Anayasa'nın 42. maddesinde yapılan son değişikliğin bir genel çerçeve çizdiği ve buna uygun bir düzenlemenin kanunla yapılması gerektiğinde kuşku olmadığının belirtildiği bildiride, "Nitekim anılan anayasa değişikliğinin onaylanması hakkındaki Türkiye Cumhuriyeti Cumhurbaşkanlığı yazısında 'bazı vatandaşlarımızın endişelerinin de anlayışla karşılanmasında ve bu endişeleri giderecek düzenlemelerin hayata geçirilmesinde zorunluluk bulunmaktadır' denilmektedir. Bu ifadede sözü edilen düzenlemenin kanunla yapılması gereken bir düzenleme olduğu ve 42. maddede sözü edilen bir kanun olduğuna kuşku yoktur" denildi.
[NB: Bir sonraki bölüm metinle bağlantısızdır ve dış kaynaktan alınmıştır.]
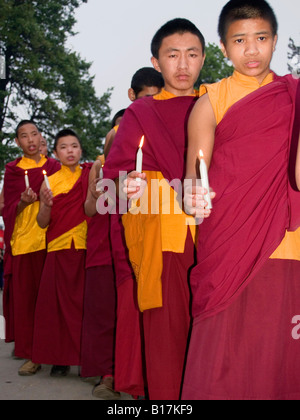 Mönche halten eine Mahnwache zur Unterstützung der Panchen Lama Stockfoto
Aynı şekilde ek 17. maddede değişiklik yapılması hakkındaki kanun teklifi gerekçesinde de böyle bir kanuni düzenlemeye ihtiyaç duyulduğunun açıkça belirtildiği vurgulanan bildiride, şunlar kaydedildi:

"Bu kadar açık bir anayasa buyruğu ve hukuki düzenleme karşısında sözü edilen sınırların kanunla belirlenmesi yerine YÖK Başkanı'nın anayasal ve yasal dayanağını göstermeden kendisinde olmayan yetkileri kullanarak rektörler ve üniversitelerin yetkili kurullarını adeta suç işlemeye teşvik eden veya bu yönde yazılı baskı uygulayan, anılan yazısında belirtildiği gibi 'toplumumuzun estetik anlayışını yansıtma, bir hakkın kötüye kullanılmasına izin verilmeme', kimin nasıl belirleyebileceği veya teşhis edebileceği belli olmayan şekilde 'kimlikleri teşhis edebilme' gibi son derece sübjektif ve kişiden kişiye değişecek ölçütler ileri sürülerek anılan anayasa değişikliğinin doğrudan uygulanması gerektiğini söyleyebilmenin hukuki temeli olamaz. Olsa olsa bir siyasi değerlendirme veya beklentiye cevap verme olabilir. Anayasa'nın 10. ve
42. maddelerinde yapılan değişikliğin gerekçelerinin de bu hükümlerin doğrudan doğruya uygulanmasını zorunlu kılması bir yana uygulanması gerektiği yönündeki görüşlerin dayanağı da olamaz. Bu gerekçeler konuyu kanunla düzenleyecek olan kanun koyucuya ışık tutabilir. Bu nedenle Yükseköğretim Kanunu'nun ek 17. maddesinin bu madde hakkında Anayasa Mahkemesi'nin verdiği ve yasama, yürütme ve yargı organlarıyla gerçek ve tüzel kişileri bağladığı Anayasa'nın bir başka hükmünde açıkça yer alan karar doğrultusunda uygulanmaya devam edilmesi bir hukuki zorunluluktur."